After the exam, the doctor can make recommendations and move onto the next patient. He or she need only return if there are diagnostic results to review or further questions that cannot be answered by support staff. The assistant can put the recommendations on a treatment plan, review them with the owner, and have the technician complete the treatments. They can enter all charges (quite easily by posting treatment plans if your software allows…also a nice way to avoid missed charges) and send the owner on their way.
Meanwhile, you can have another assistant working with the doctor in another room doing the same thing. The doctor simply alternates between rooms. The assistant is well-trained, full of knowledge, and has a good level of responsibility.
Consider all the unused skills that receptionists have.
Maybe one of them can be assigned to manage follow-ups for basic lab work like fecal results. It doesn’t take a degree in veterinary medicine to interpret results that are either negative or positive. Have the receptionist send an email (utilizing the glossary) to all patients with a negative fecal sample explaining results. If your reference lab allows you to easily share visual results, do it from there. Any positive results can be left for a technician to handle.
Since you could have a standard deworming protocol in place, your receptionist could probably contact clients and fill meds without even bothering the doctor. Maybe they could use an extremely informative email template that you built into your glossary that will answer the common questions that will inevitably come up.

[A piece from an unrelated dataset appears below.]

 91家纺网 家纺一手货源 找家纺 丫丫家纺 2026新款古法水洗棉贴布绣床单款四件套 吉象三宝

How about sending follow up emails for patients that were seen at your clinic the previous day for a sick appointment? Utilizing a follow up list and a glossary template, they are not falling outside the scope of their practice or providing medical information that they shouldn’t. They are simply reaching out to the client and asking for a progress report.

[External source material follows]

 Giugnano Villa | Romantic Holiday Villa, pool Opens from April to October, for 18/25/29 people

Any report from the client can be dealt with accordingly. If all is well and there are no questions, great! Send another follow up email thanking them for the update and update the record. If things aren’t great or there are questions, leave it for a technician to decide how to handle.
While these easy follow up tasks may not seem like a lot, they are completing something very important: bridging the communication gap between a busy practice and a pet owner. That owner gets the satisfaction of value and the solidifying of trust by knowing they weren’t forgotten after they paid their bill and left. Most importantly, that reinforcement of trust and communication was done without the doctor needing to get involved unless specific information was needed.
So, what’s your ideal staffing ratio?
If you elevate your staff to the point where they are maximizing their skills and talent, how much would employee satisfaction and self-value increase? There’s a good chance it will lower your employee turnover rate as well.
By trusting your support staff to take the reins where appropriate, you could increase efficiency and gain doctor time in order to care for more patients. If you think about the ways you could utilize your staff and increase their responsibility and autonomy, it might just give you a new perspective on staffing ratios.
You may truly need to hire more help as you grow, but who and how many will depend solely on how much you are going to utilize them and not just an industry-standard staffing ratio.